The dollar has behaved extremely well as it has continued to rise sharply in a rally that began in mid summer. From a level near 1.60 the euro is currently at 1.40 and in time, in our opinion, on its way toward 1.20. The crisis in financial markets, which many wrongly perceived to be an entirely U.S. affair, has now spread globally and is involving Europe in a very severe manner. (For more see pages 3 and 4.) In time, we suspect the European central bank will lower interest rates and act in a material way to stem problems in the European banking sector. While the dollar may spend some time near current levels, we believe that within the next six months it should rise dramatically higher. We are continuing our target for the Swiss franc near 1.20 and eventually close to 1.30.
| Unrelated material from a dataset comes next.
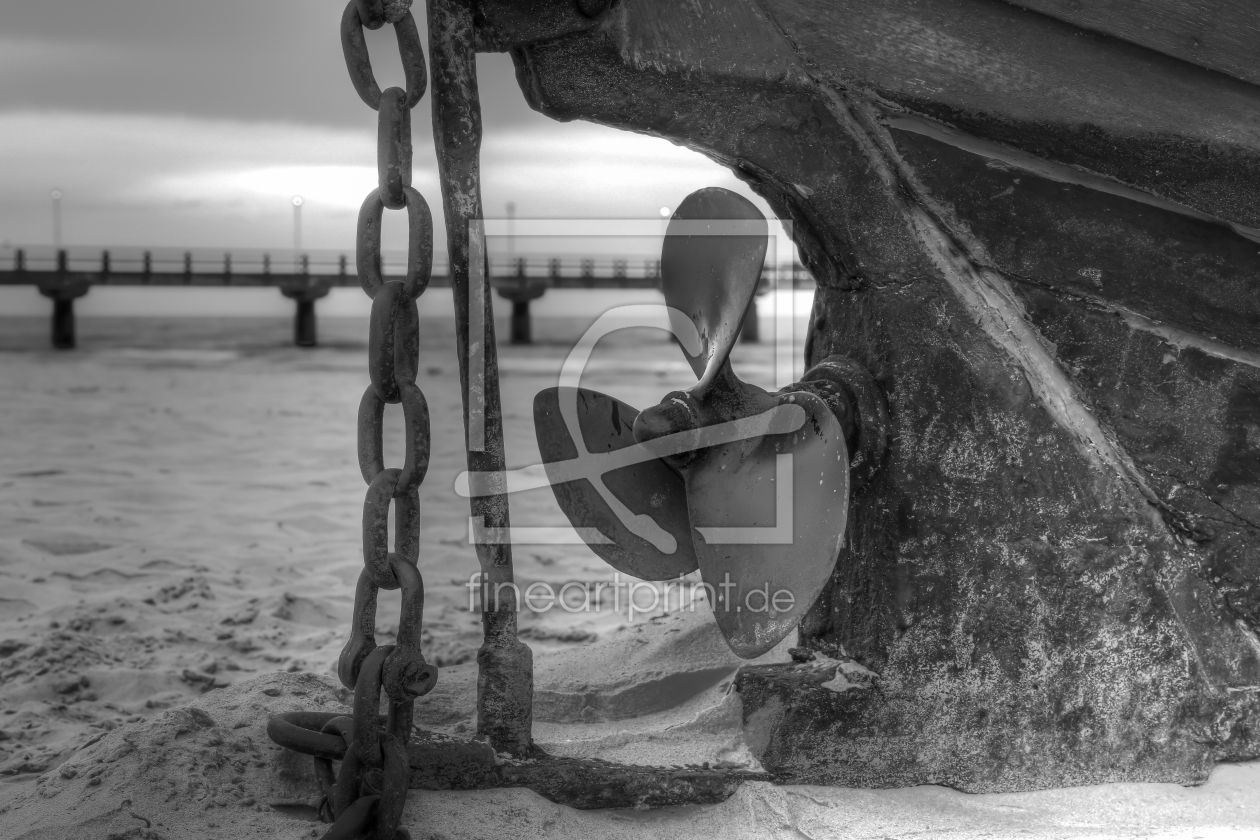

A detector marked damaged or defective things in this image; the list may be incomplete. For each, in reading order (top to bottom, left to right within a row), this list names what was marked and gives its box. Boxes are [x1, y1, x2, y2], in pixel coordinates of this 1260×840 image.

The yen has been much more stable as it has been the object of a great deal of carry trade unwinding. It is our view that this process is largely complete and that in time the yen will weaken materially versus the U.S. dollar, as well as other currencies. We suspect that this has already started and will leave the yen above 110 and possibly near 115 by year end.

Although the Canadian dollar has weakened, grudgingly so with an upcoming Canadian election on October 14th, and certainly understandable attempts by the current government to reassure Canadians that the world financial crisis was born in the U.S.A. and not our fault, things should hold until election time. Past that point, however, it is our suspicion that many participants will realize that the Canadian economy is indeed vulnerable, as are all other G10 economies, to the dramatic weakening that has taken place in global economic trends. Canada’s large trade relationship with the U.S. will inevitably take a big toll on manufacturing and most raw material exports. Even the so-called "strong" oil patch of western Canada should eventually become vulnerable as our suspicion remains that energy prices will drop in the months ahead. We are maintaining our target of 1.15 – 1.20 for the Canadian dollar which we fully expect to see in the next six to twelve months.

Both the Australian and New Zealand dollars have weakened dramatically from levels seen just two months ago, in part due to the unwinding of the so-called carry trade. Both currencies have been vulnerable to their own respective economic downtrends which will inevitably lead to lower interest rates. In addition, the Australian economy, as well as that of New Zealand, have very much also been guilty of some of the very same over consumption and over leveraging that has been so apparent in other G7 economies. In time we expect both currencies to decline further and eventually find a base close to 65 cents for the Australian dollar and possibly 52-55 cents for the Kiwi dollar.